STUDYING THE MUSIC OF PAST ERAS is challenging, even when written manuscripts are available. In archaeological contexts without written records, it becomes yet more difficult. However, a surprising amount can be learned by studying musical instruments from archaeological sites. Researchers studying the social and physical contexts in which music took place (Brown 2005) and the instruments themselves (Olsen 1990) have identified some roles music may have played in prehistoric societies. Music lends itself well to ritual; strategic use of ritual is one way Ancestral Puebloan leaders in the American Southwest established, validated, and maintained their social authority.

Photo showing a decorated gourd rattle, which is 5.3 inches (13.5 cm) in diameter, from Canyon de Chelly National Monument (Arizona).

Courtesy of Emily Brown

Figure 1. One of more than 1,250 musical objects studied, this decorated gourd rattle from Canyon de Chelly National Monument (Arizona) is 5.3 inches (13.5 cm) in diameter. Collection of the Western Archeology and Conservation Center, Tucson, Arizona, Catalog No. CACH 811.

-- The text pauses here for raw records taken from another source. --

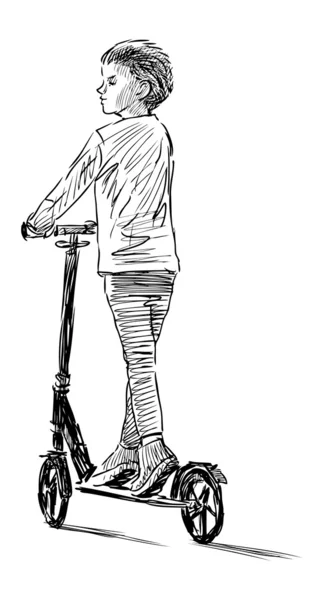 Мальчик на скутере — стоковый вектор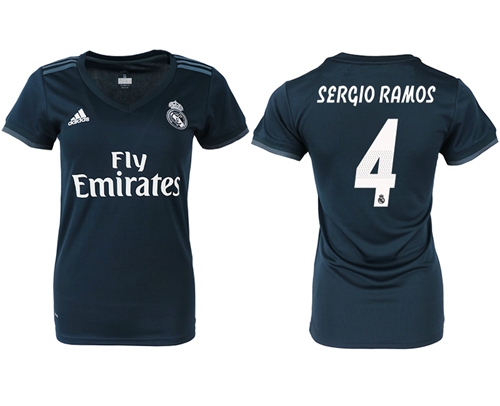 Women's Real Madrid #4 Sergio Ramos Away Soccer Club Jersey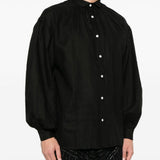 Camicia con maniche a sbuffo in nero Glass Cypress - uomo 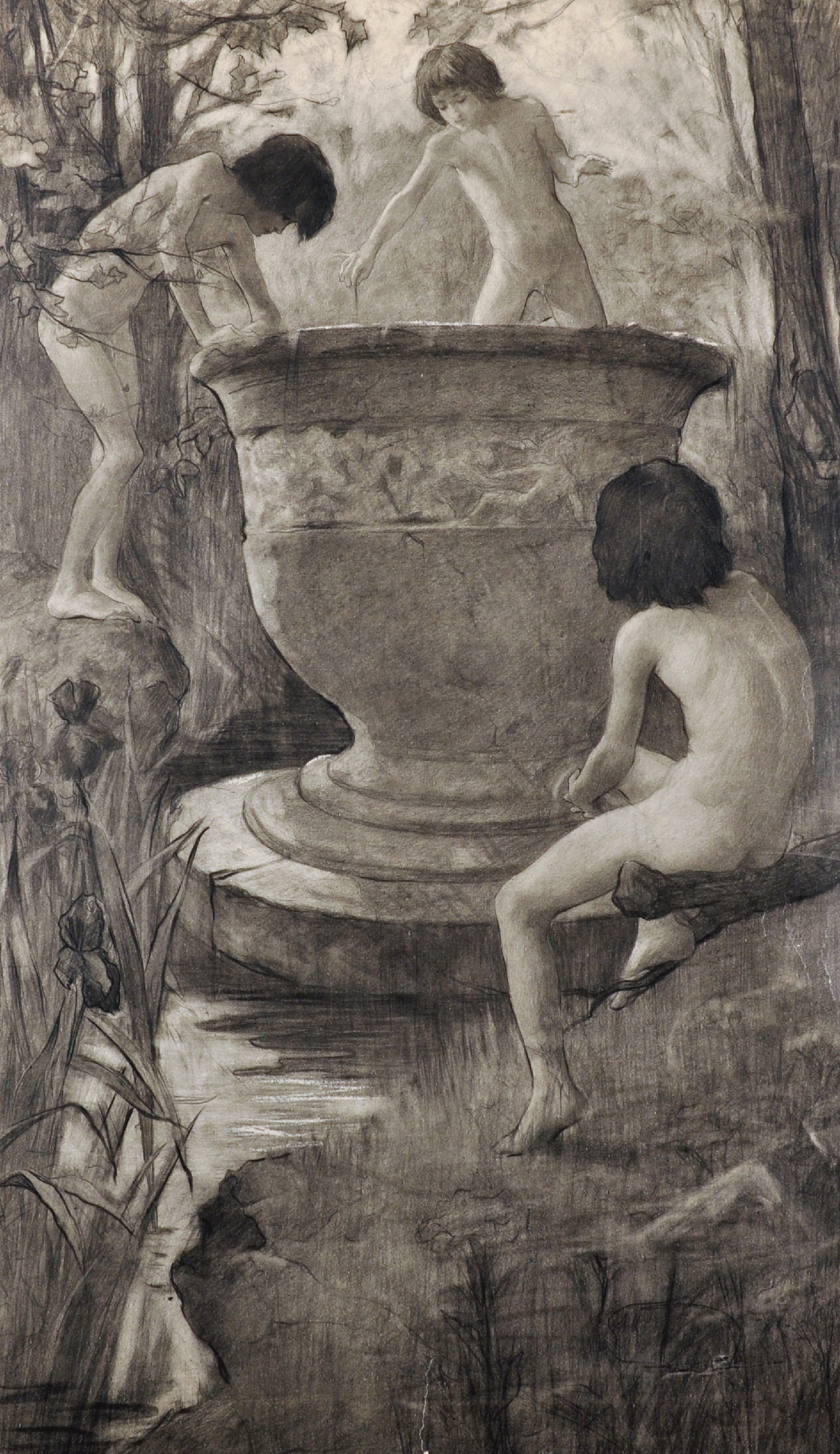 19th Century French School. Naked Boys in a River Landscape, playing around a Classical Urn,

In the course of my research in nine museums, I studied more than 1,250 musical objects from the Four Corners area of New Mexico, Arizona, Colorado, and Utah, primarily from sites within 17 national parks, including Chaco Culture National Historical Park, Aztec Ruins National Monument, Bandelier National Monument, Pecos National Historical Park, Canyon de Chelly National Monument, Mesa Verde National Park, and Wupatki National Monument. The different instrument types included bone and wood flutes; bone, wood, and reed whistles; copper and clay bells; shell trumpets; shell, stone, hoof, and nut tinklers; gourd, tortoiseshell, hide, clay, and cocoon rattles (fig. 1, above); bone and wood rasps; stone kiva bells; and wooden bullroarers. Curiously, I found no evidence of prehistoric drums other than the controversial foot drums—stone vaults dug into the floors of subterranean ceremonial chambers known as kivas and covered with planks. Drums may be a relatively recent addition to Puebloan culture, perhaps during the late 1400s or early 1500s. They may have been introduced through trade with nomadic Plains groups or native Mexicans traveling with Spanish groups. Though some rock art images suggest flutes were present in the Archaic period, the earliest instruments I found in museum collections were from the Basketmaker II period (AD 200–500). Of course, music made by the human body leaves no trace in the archaeological record.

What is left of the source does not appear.